W Białośliwiu jednak grupa entuzjastów założyła stowarzyszenie pod nazwą „Wyrzyska Kolejka Powiatowa” (Wyrzysk, byłe miasto powiatowe, znajduje się w odległości kilkunastu kilometrów) i dokonuje zabiegów, aby ich wąskotorówka była eksploatowana choćby w minimalnym zakresie. Kolejkę wraz ze stacyjką oraz wagonownią, lokomotywownią i warsztatami udało się wpisać do rejestru zabytków.
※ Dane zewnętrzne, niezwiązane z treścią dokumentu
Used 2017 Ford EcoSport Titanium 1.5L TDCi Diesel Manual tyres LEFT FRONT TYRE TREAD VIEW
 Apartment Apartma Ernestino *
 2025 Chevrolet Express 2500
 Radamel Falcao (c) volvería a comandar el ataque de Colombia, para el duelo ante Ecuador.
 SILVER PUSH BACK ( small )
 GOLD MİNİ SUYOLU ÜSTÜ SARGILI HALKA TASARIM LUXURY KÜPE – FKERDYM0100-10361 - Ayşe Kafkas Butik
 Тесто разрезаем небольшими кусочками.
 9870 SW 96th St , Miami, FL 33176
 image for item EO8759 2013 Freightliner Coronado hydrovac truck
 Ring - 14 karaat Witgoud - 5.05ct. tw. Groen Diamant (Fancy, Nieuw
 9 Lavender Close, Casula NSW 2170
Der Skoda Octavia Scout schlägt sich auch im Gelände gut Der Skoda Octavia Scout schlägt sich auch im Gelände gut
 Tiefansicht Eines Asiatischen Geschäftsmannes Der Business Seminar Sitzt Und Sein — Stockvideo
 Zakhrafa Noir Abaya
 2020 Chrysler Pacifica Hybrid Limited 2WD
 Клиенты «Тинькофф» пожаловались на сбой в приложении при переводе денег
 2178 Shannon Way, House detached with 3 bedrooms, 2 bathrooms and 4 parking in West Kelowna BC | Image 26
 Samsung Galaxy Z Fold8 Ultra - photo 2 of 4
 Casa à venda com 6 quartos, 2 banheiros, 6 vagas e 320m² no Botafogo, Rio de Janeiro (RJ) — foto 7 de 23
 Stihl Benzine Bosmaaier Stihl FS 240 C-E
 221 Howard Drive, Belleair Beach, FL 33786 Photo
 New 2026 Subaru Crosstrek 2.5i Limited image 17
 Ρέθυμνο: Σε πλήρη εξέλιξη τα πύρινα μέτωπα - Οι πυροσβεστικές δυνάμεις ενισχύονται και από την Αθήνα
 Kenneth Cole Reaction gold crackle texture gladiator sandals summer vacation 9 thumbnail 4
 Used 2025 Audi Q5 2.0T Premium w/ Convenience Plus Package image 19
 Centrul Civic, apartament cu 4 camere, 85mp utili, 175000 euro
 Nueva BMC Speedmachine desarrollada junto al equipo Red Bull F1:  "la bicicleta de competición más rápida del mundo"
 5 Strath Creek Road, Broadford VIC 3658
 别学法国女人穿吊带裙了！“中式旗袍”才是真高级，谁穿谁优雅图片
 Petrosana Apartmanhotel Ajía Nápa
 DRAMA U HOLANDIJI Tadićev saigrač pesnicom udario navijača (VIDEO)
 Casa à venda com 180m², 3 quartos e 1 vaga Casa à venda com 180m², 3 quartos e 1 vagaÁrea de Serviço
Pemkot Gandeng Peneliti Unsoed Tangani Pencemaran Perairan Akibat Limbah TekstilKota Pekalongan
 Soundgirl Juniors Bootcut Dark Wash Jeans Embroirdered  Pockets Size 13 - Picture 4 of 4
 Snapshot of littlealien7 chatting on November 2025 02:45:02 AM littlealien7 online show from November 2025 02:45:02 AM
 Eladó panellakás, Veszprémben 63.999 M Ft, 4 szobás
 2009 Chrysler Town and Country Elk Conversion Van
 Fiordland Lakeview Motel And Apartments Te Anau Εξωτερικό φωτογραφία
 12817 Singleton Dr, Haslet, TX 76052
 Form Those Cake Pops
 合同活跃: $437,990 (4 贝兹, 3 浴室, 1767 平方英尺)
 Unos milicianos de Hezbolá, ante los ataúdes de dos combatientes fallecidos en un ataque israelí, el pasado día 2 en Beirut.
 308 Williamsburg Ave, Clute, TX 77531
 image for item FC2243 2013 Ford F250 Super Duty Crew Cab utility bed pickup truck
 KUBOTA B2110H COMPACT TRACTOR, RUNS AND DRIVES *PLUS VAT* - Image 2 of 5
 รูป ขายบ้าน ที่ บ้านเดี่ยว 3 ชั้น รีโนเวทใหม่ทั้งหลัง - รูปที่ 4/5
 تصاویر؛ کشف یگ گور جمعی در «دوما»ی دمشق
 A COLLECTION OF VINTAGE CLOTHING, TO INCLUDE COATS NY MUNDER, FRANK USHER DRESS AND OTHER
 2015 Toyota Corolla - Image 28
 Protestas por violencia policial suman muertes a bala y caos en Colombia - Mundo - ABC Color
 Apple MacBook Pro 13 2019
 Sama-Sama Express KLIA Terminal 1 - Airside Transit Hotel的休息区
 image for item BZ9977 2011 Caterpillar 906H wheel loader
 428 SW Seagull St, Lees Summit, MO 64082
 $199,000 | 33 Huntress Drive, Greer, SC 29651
Wolontariusze oczyszczają tory z trawy i krzewów, odbudowują zniszczone odcinki torów, konserwują tabor.
- Peter Erk, właściciel Feldbahn Betriebgesellschaft FBG w niemieckim Ilmenau, pomysłodawca i współorganizator tegorocznego zlotu, nie pomylił się twierdząc, że białośliwska kolejka jest unikatem na skalę europejską – mówił podczas podsumowania imprezy starosta pilski Mirosław Mantaj. – Cieszę się, że udało się ją nam zachować, uchronić przed zniszczeniem.
Peter Erk dostarczył na stację białośliwskiej wąskotorówki dwie lokomotywy spalinowe, dzięki jego partnerskiemu porozumieniu z Powiatem Pilskim oraz Towarzystwem Wyrzyska Kolejka Powiatowa. Użyczenie tych lokomotyw pomoże uruchomić ponownie Wyrzyskiej Kolejce Powiatowej lokalne przewozy pasażerskie.
W czasie zlotu starosta pilski zapowiedział, że niebawem powiat przejmie infrastrukturę kolejkową także w gminach Wysoka i Łobżenica znajdujących się również na terenie byłego powiatu wyrzyskiego.